● YOUR INSTRUCTIONS
The answer must restate every record word for word.

● INFORMATION SUPPLIED

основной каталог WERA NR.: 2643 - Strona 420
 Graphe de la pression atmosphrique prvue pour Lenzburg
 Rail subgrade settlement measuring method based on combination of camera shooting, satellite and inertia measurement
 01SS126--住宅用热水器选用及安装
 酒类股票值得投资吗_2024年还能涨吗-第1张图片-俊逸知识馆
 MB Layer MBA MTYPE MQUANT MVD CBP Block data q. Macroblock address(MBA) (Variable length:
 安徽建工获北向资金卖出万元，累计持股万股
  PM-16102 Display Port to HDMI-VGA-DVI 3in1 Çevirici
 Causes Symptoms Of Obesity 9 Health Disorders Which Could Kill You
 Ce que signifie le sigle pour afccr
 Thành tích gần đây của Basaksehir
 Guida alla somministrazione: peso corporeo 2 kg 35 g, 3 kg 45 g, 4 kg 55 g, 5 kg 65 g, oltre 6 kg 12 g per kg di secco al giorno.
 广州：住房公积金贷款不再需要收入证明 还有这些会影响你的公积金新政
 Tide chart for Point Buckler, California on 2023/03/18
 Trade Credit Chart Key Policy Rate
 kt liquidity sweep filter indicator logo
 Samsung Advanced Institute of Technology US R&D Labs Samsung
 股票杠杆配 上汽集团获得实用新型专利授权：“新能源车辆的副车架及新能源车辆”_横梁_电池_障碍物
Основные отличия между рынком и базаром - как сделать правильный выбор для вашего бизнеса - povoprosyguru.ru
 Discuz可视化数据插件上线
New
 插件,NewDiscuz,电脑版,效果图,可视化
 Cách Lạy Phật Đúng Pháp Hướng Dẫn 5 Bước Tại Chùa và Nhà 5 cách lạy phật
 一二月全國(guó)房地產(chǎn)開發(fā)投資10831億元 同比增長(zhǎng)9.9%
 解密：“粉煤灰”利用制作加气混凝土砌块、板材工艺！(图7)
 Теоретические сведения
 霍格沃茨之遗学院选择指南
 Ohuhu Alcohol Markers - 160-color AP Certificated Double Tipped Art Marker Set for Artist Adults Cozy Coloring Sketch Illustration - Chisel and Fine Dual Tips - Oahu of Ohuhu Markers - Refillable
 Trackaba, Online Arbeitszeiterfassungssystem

● WRITTEN REPLY
основной каталог WERA NR.: 2643 - Strona 420
 Graphe de la pression atmosphrique prvue pour Lenzburg
 Rail subgrade settlement measuring method based on combination of camera shooting, satellite and inertia measurement
 01SS126--住宅用热水器选用及安装
 酒类股票值得投资吗_2024年还能涨吗-第1张图片-俊逸知识馆
 MB Layer MBA MTYPE MQUANT MVD CBP Block data q. Macroblock address(MBA) (Variable length:
 安徽建工获北向资金卖出万元，累计持股万股
  PM-16102 Display Port to HDMI-VGA-DVI 3in1 Çevirici
 Causes Symptoms Of Obesity 9 Health Disorders Which Could Kill You
 Ce que signifie le sigle pour afccr
 Thành tích gần đây của Basaksehir
 Guida alla somministrazione: peso corporeo 2 kg 35 g, 3 kg 45 g, 4 kg 55 g, 5 kg 65 g, oltre 6 kg 12 g per kg di secco al giorno.
 广州：住房公积金贷款不再需要收入证明 还有这些会影响你的公积金新政
 Tide chart for Point Buckler, California on 2023/03/18
 Trade Credit Chart Key Policy Rate
 kt liquidity sweep filter indicator logo
 Samsung Advanced Institute of Technology US R&D Labs Samsung
 股票杠杆配 上汽集团获得实用新型专利授权：“新能源车辆的副车架及新能源车辆”_横梁_电池_障碍物
Основные отличия между рынком и базаром - как сделать правильный выбор для вашего бизнеса - povoprosyguru.ru
 Discuz可视化数据插件上线
New
 插件,NewDiscuz,电脑版,效果图,可视化
 Cách Lạy Phật Đúng Pháp Hướng Dẫn 5 Bước Tại Chùa và Nhà 5 cách lạy phật
 一二月全國(guó)房地產(chǎn)開發(fā)投資10831億元 同比增長(zhǎng)9.9%
 解密：“粉煤灰”利用制作加气混凝土砌块、板材工艺！(图7)
 Теоретические сведения
 霍格沃茨之遗学院选择指南
 Ohuhu Alcohol Markers - 160-color AP Certificated Double Tipped Art Marker Set for Artist Adults Cozy Coloring Sketch Illustration - Chisel and Fine Dual Tips - Oahu of Ohuhu Markers - Refillable
 Trackaba, Online Arbeitszeiterfassungssystem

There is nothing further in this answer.